(Beginning of LISTED RECORDS)

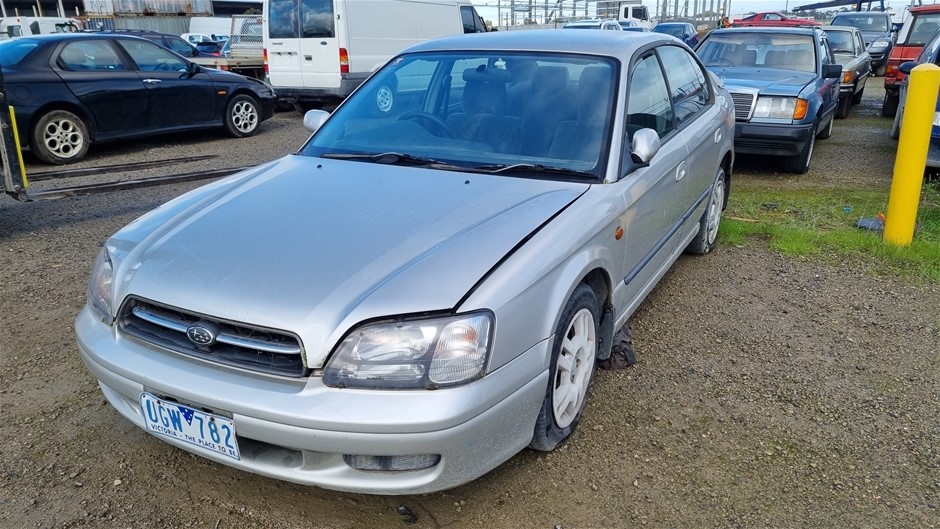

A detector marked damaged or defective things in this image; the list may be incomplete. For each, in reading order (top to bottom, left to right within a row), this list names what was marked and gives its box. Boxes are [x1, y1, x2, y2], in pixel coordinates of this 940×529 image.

flat tyre [31, 109, 90, 163]
flat tyre [225, 94, 260, 137]
flat tyre [528, 282, 604, 452]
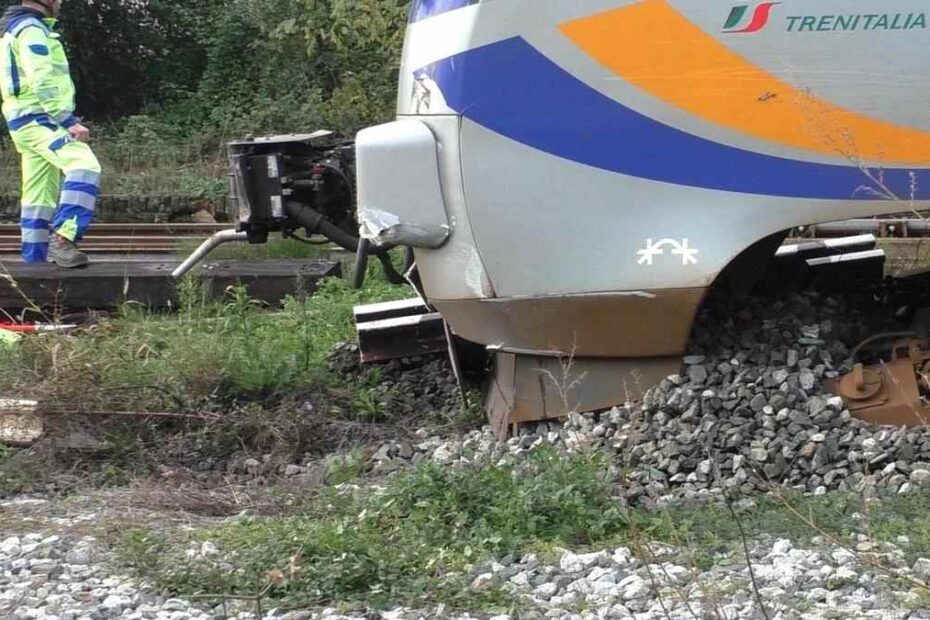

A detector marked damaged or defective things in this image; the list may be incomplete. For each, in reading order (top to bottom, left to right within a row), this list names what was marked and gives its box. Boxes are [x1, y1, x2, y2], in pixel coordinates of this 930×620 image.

damaged metal panel [356, 120, 450, 248]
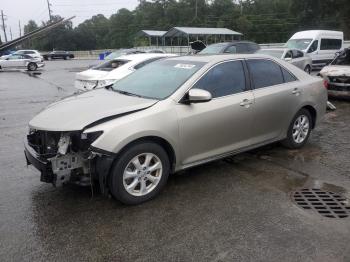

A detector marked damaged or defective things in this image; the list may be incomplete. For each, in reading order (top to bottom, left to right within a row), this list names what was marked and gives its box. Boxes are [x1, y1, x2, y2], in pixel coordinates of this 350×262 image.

cracked hood [29, 88, 158, 131]
damaged toyota camry [25, 54, 328, 204]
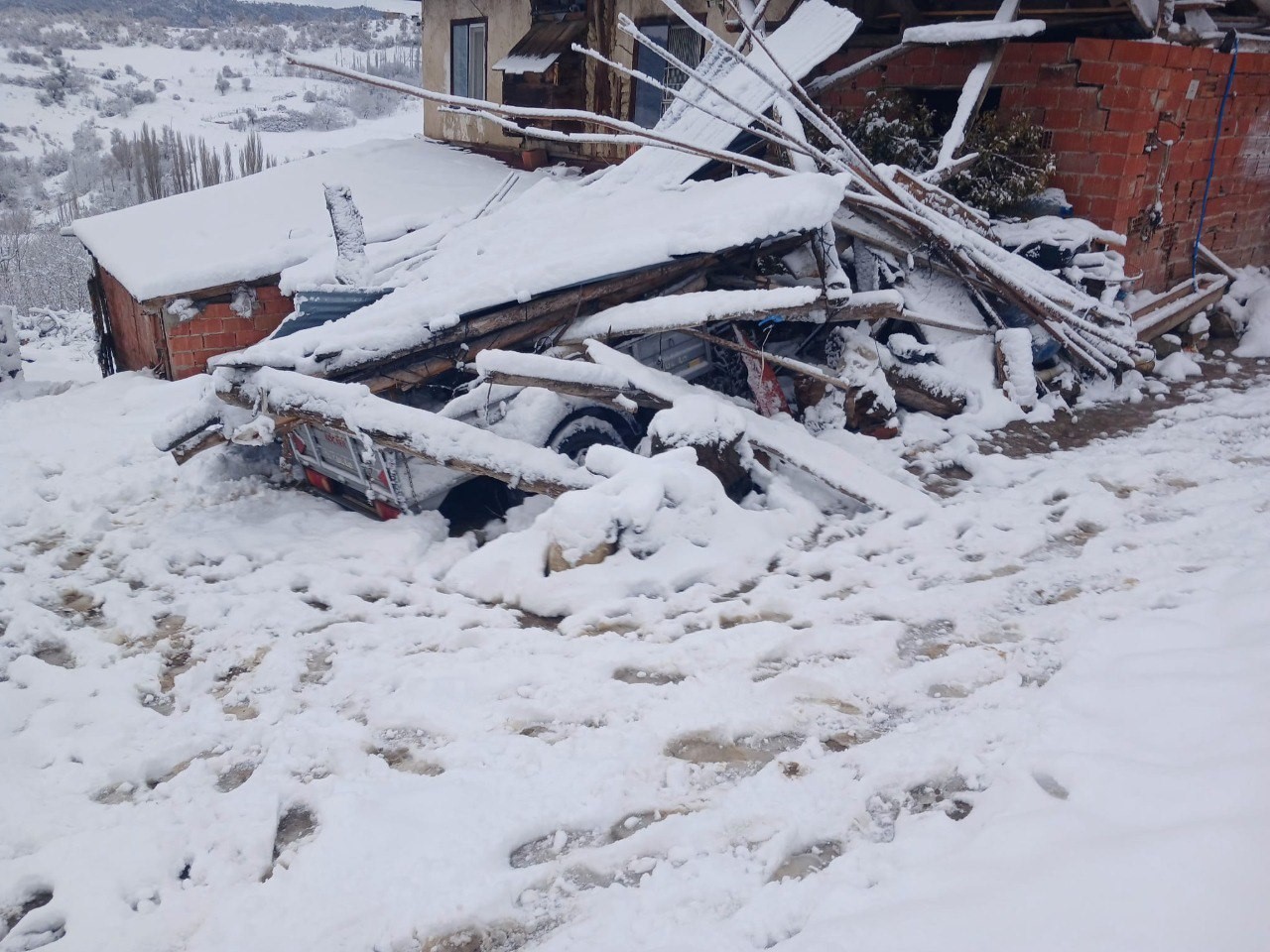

(End of LISTED RECORDS)

HOW TO COMPLETE THIS TASK ▸
Go back to the line containing "this 930×620 image." and output it and every line after it through the end of the records, exactly, but not the pictures.

OUTPUT BELOW ▸
A detector marked damaged or defective things in this image; the list may be incomplete. For each, in reading order (top to bottom, left to right within a row), this list names what was marked and gives its box. Boxes are [x1, y1, x2, y2], in pixel coordinates of this 930×620 image.

damaged metal panel [356, 120, 450, 248]

A detector marked damaged or defective things in this image; the list may be incomplete. For each, in reading order (top to bottom, left to right within a row), this list names what was marked and gives its box. Boxes are [x1, y1, x2, y2], in pixel coordinates of this 350×262 image.

cracked hood [29, 88, 158, 131]
damaged toyota camry [25, 54, 328, 204]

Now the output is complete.